Recorded information:
————————
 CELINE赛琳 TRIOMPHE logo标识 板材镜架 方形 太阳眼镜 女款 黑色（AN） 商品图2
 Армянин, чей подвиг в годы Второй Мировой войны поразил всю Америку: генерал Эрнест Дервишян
————————
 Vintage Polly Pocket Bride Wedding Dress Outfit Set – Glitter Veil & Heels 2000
————————
What this task involves: For the lines above, output exactly those from the line containing "CELINE赛琳 TRIOMPHE logo标识" through the line containing "Армянин, чей подвиг", and skip the others.

Task response:
 CELINE赛琳 TRIOMPHE logo标识 板材镜架 方形 太阳眼镜 女款 黑色（AN） 商品图2
 Армянин, чей подвиг в годы Второй Мировой войны поразил всю Америку: генерал Эрнест Дервишян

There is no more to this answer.